# Task statement
The answer is to be the data that follows, transcribed exactly, minus its pictures.

# Given information

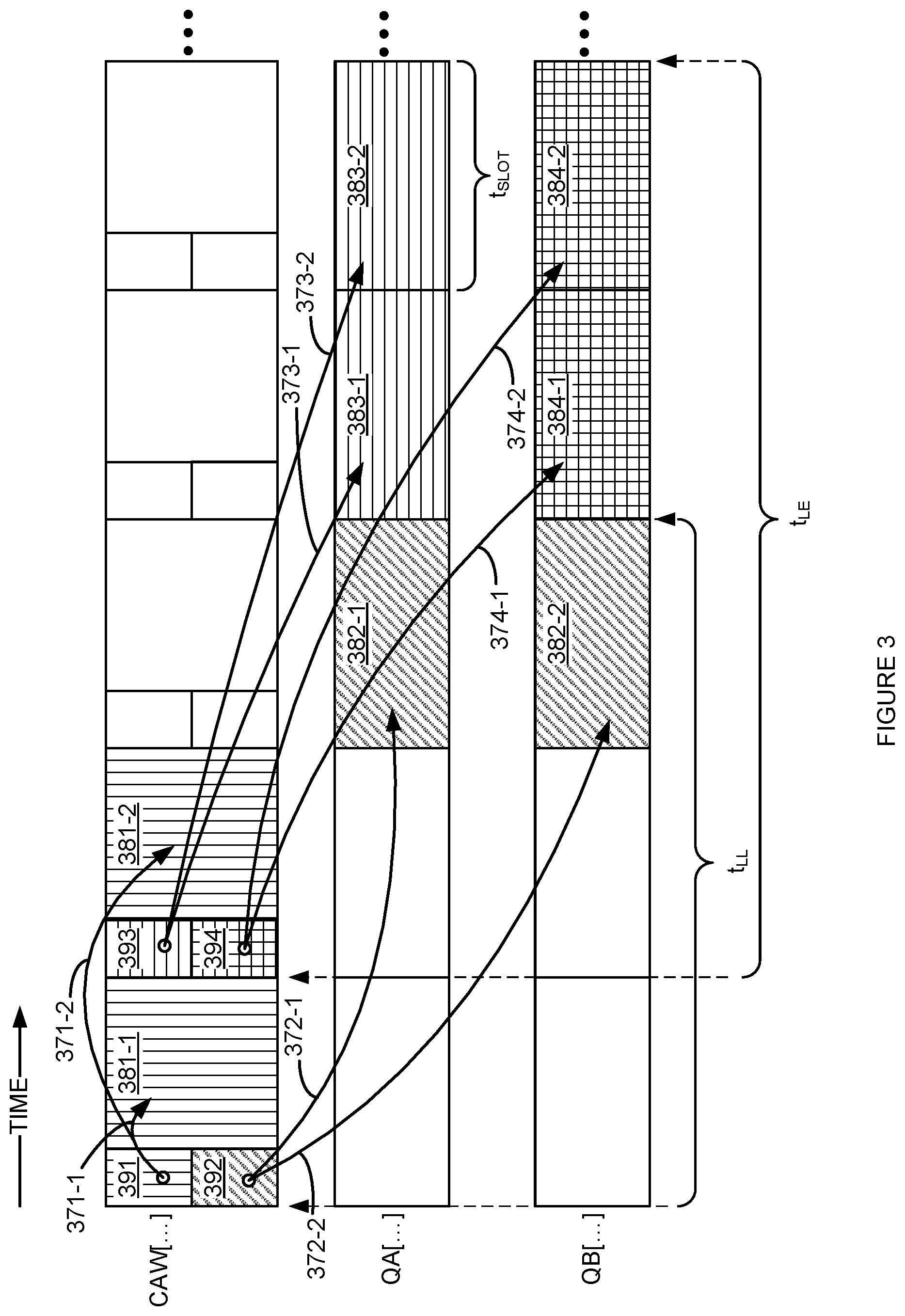 Patent US12105975 Figure 6 – Adjustable access energy and access latency memory system and devices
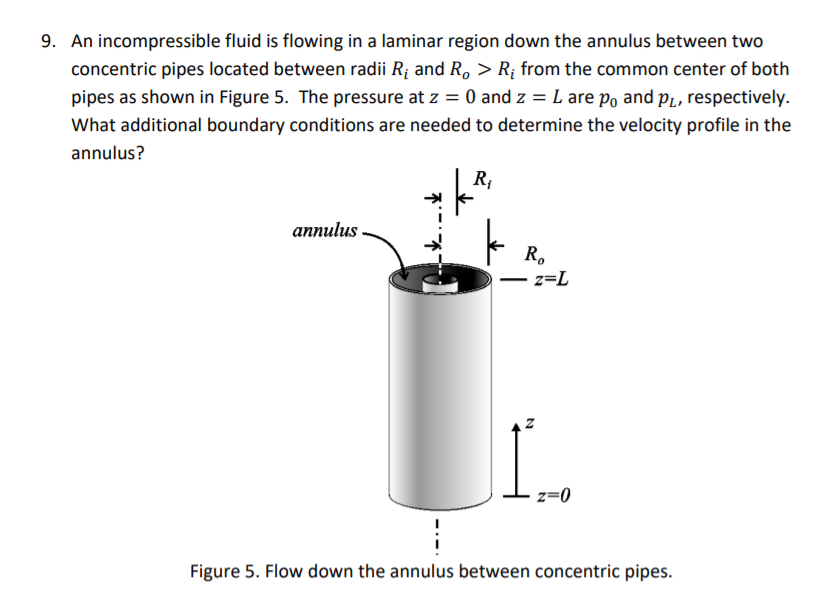 9. An incompressible fluid is flowing in a laminar | Chegg.com
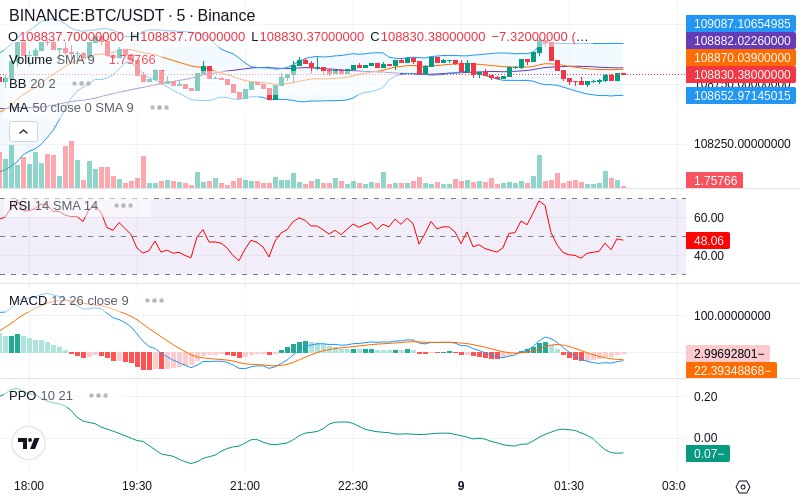 🚀 $TOMI SuperApp early access!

# Exercise result
 Patent US12105975 Figure 6 – Adjustable access energy and access latency memory system and devices
 9. An incompressible fluid is flowing in a laminar | Chegg.com
 🚀 $TOMI SuperApp early access!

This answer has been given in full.